Ricognizioni sulla Scrittura-Pittura
Ho già tracciato aspetti e storie della Scrittura-Pittura in Italia negli anni Ottanta, in testi e convegni. Ho curato, sull’argomento, un significativo inserto a colori nella rivista ‘Arte & Cronaca’ n. 74 (2010), in cui ho segnalato le principali esposizioni e testimonianze critiche.
Il numero in questione era dedicato ai cinquant’anni del Nouveau Réalisme: un “collegamento” certamente possibile e stimolante. Il suo direttore, il critico d’arte Toti Carpentieri, era stato curatore della mostra Nuovi Segnali all’Iperscrittura a Foggia (Palazzetto dell’Arte, 1986).
Miei testi sulla Scrittura-Pittura sono pubblicati su: Tracker Art 2004-2008 (Juliet Ed., 2009); ‘Heliopolis’, rivista online (2018), con riflessioni di Sandro Giovannini; ‘Culturelite’, social magazine diretto da Tommaso Romano (2019). Tra gli eventi segnalo la mia relazione alla giornata di studi Abstracta, da Balla alla Street Art a Roma (Museo Macro, 2018), in cui ipotizzo il successivo oltre, pulsionale e disperso, della Scrittura-Pittura.
[1] V. Conte. Nuovi Segnali, in AA.VV., Crispolti e il Centro Di Sarro (Avvio e sviluppo di una ricerca 1982/85), a cura di E.R. Meschini, Roma 2013.
[2] Pittura Scrittura Pittura, esposizioni a cura di F. Menna, F. Abbate, M. D’Ambrosio: La Salerniana, Erice (TP); Gall. Civica d’Arte Contemporanea, Suzzara (MN); 1987. Centro cult. Bellora, Milano; Centro di Cultura Ausoni, Roma; 1988. Catalogo (Mazzotta, Milano 1987).
[3] Sottosuolo del linguaggio (scrittura pittura scultura), mostra a cura di F. Menna e F. Gallo Mazzeo: Gall.
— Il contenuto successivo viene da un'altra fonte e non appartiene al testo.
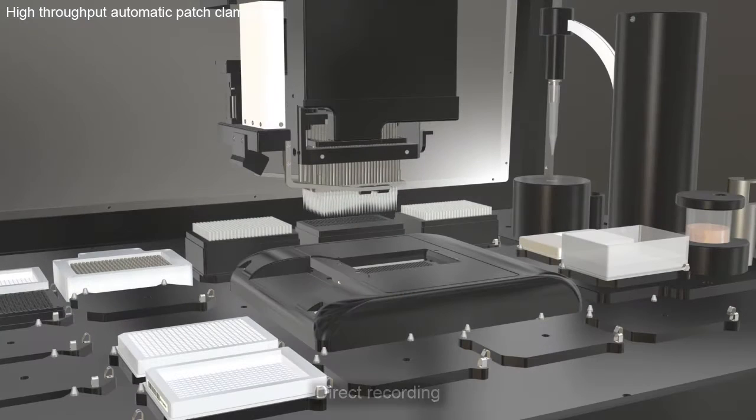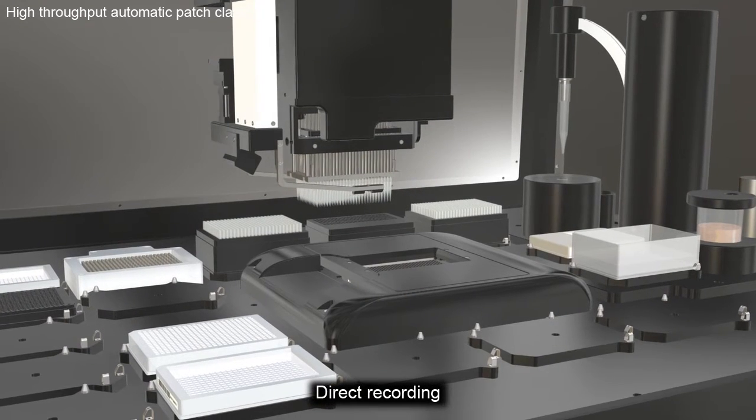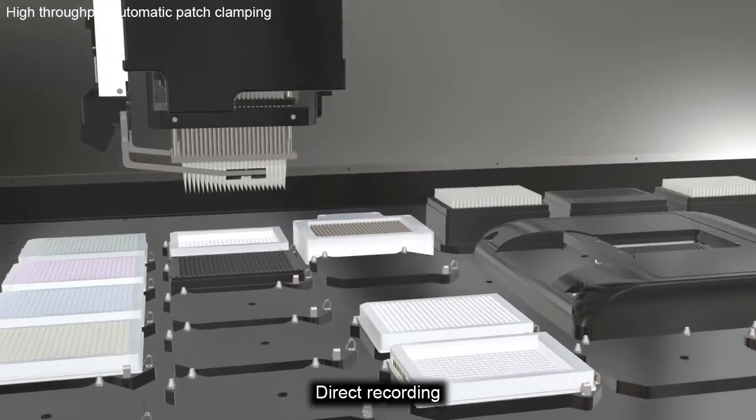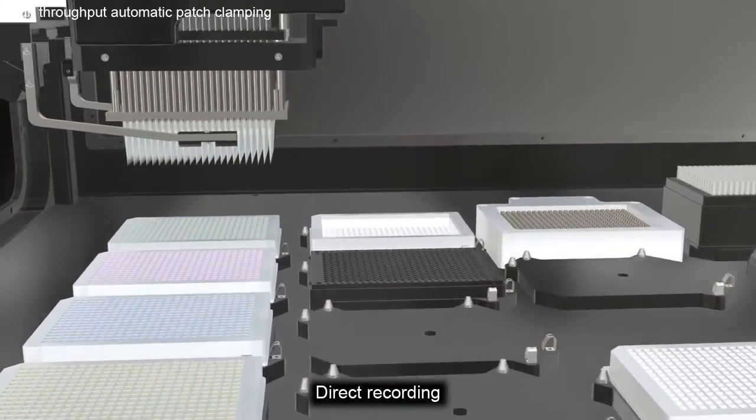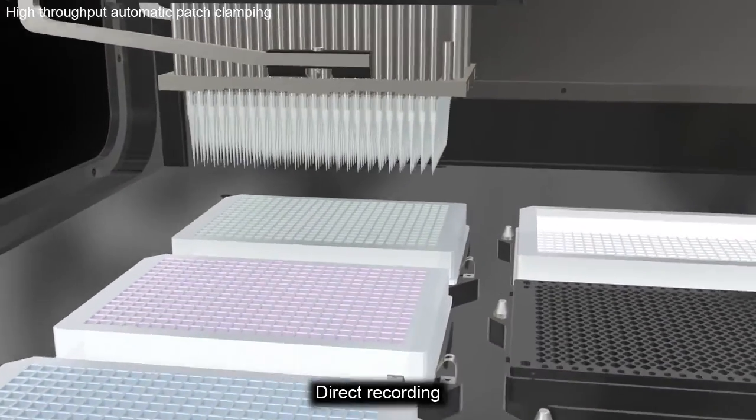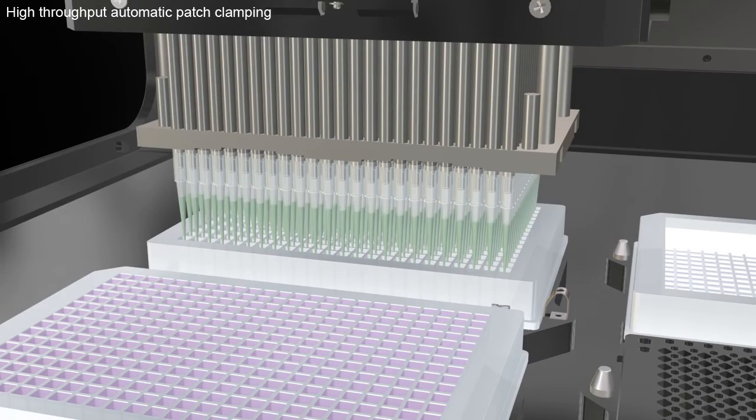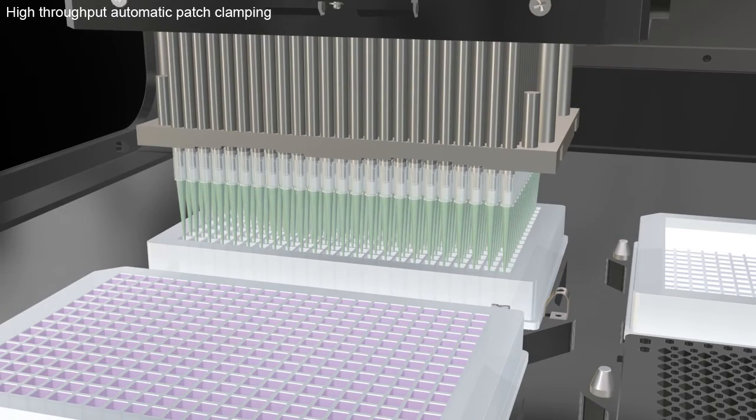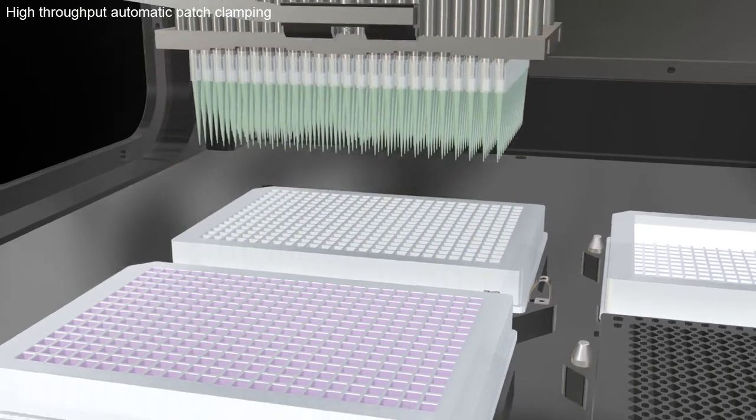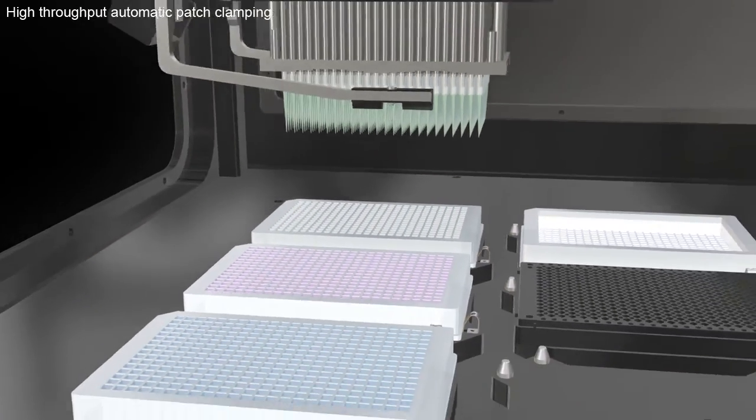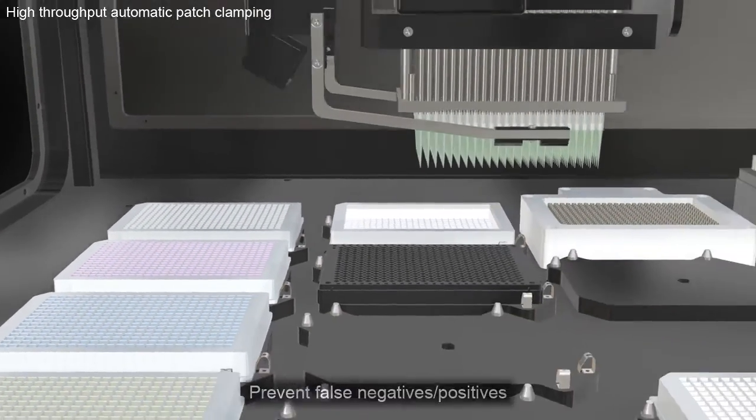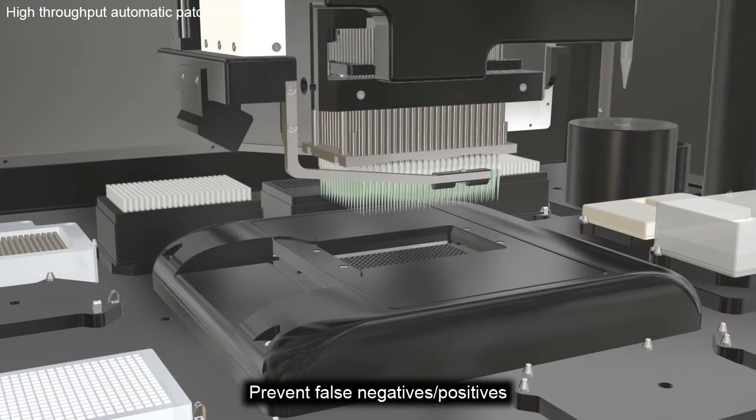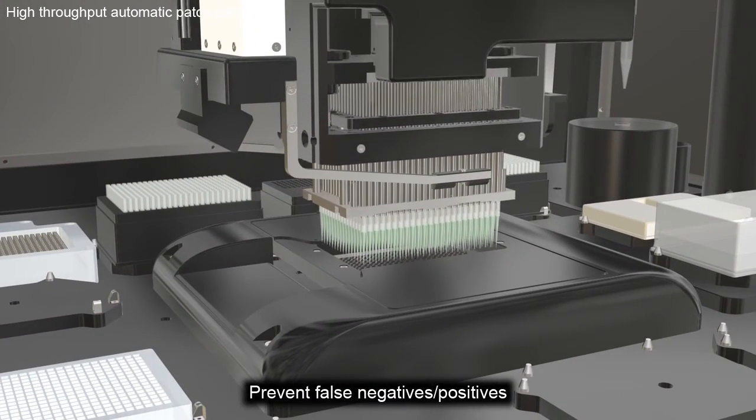Q-Chip performs direct recordings of voltage or ligand-gated ion channels to provide direct measurement of ion channel kinetics and pharmacology. These are critical aspects in ion channel physiology and prevent the generation of false negatives as well as false positives.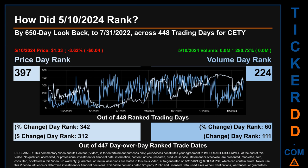Hello, my name is Magnus. How did the 10th of May 2024 rank for CETY? By a 650 calendar day look-back to July 31st, 2022, across 448 trading days, the 10th of May 2024 price ranked 397 while its volume ranked 224. Each of the 448 trading days were ranked amongst themselves by highest end-of-day price and volume, with a rank of one being the highest and 448 being the lowest.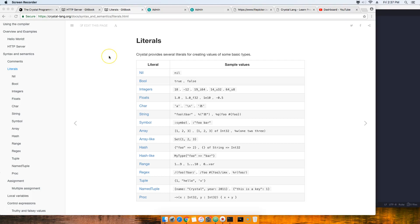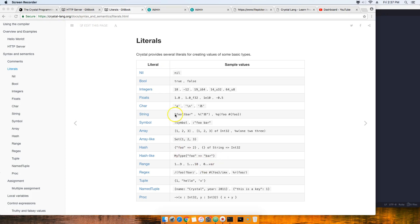All right guys, so now we're going to start jumping into literals. Literals are like data types that you can use with Crystal lang, and you can look at this through the documentation on crystallang.org. In the next few videos I'm going to go over each one of them one by one, but if you want to go into the documentation you could definitely check this out.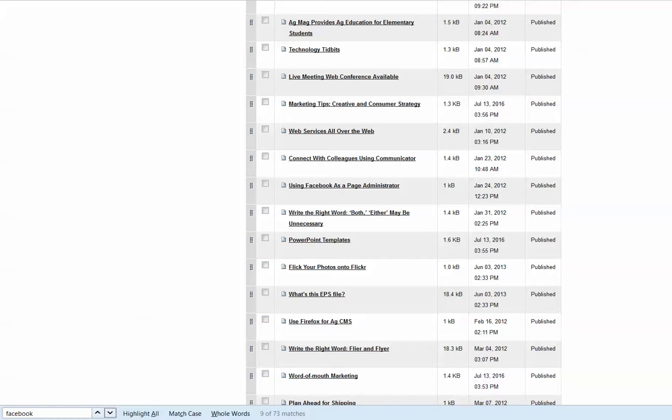If you have any questions about searching in AgCMS, please feel free to contact Bob, Birch, or myself. Thanks!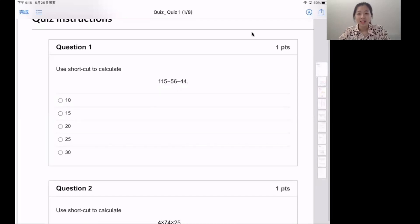Hello everyone. I am Mandy and today we will start the kangaroo math practice. This summer I will practice with you. Let's start question one.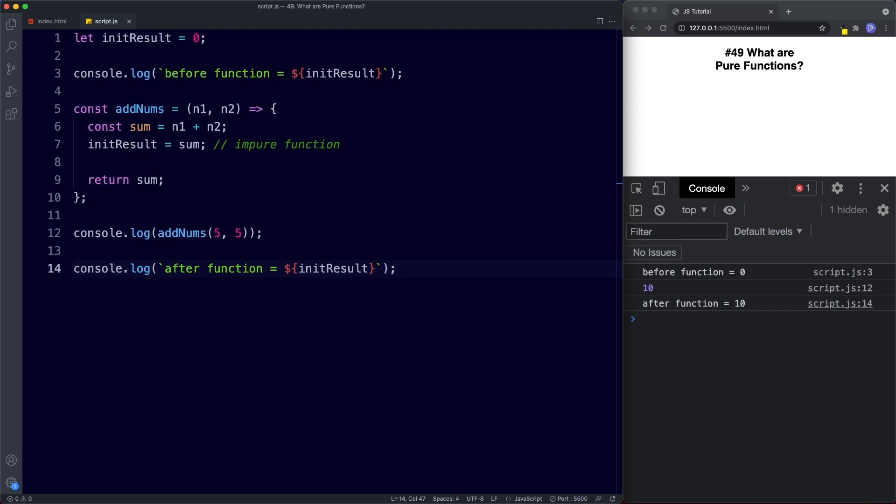However impure functions aren't all bad and the fact is it's almost impossible to completely ignore them. For example as mentioned earlier we may have a function that sends some data to the server via an http request. So sometimes impure functions are a necessary part of our code. If we know that we have a function that is impure just make sure to name the function accordingly so that it's absolutely clear to the person invoking it exactly what this function will do.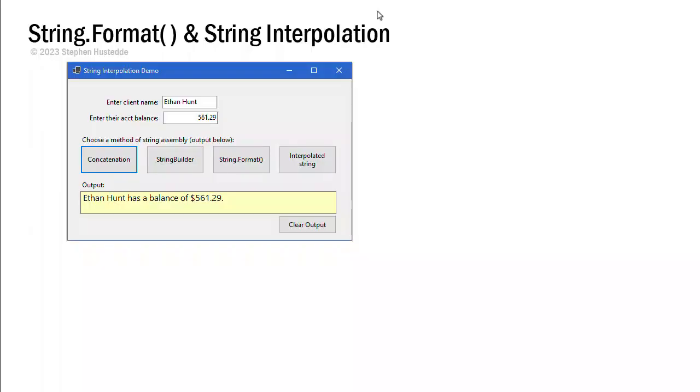We've seen so far that programming is largely taking input from the user, processing that input, and generating some output. And oftentimes during the output, we're working with string data, and maybe we want to take some data in and display it as part of a sentence.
E. Pagano, Bagheria; Centro Voltaire, Catania; 1989. Catalogo (Ed. E. Pagano Artecontemporanea). Espongono: T. Binga, V. Conte, S. Guardì, G. Leto, W. Xerra.
[4] Scribble (alle origini del segno), mostra a cura di T. Sicoli, Chiostro di S. Domenico, Lamezia Terme 1988. Catalogo. Espongono: T. Binga, V. Conte, C. Di Ruggero, L. Di Sarro, S. Guardì, M. Parentela, A. Puja, A. Valla, W. Xerra. Catalogo.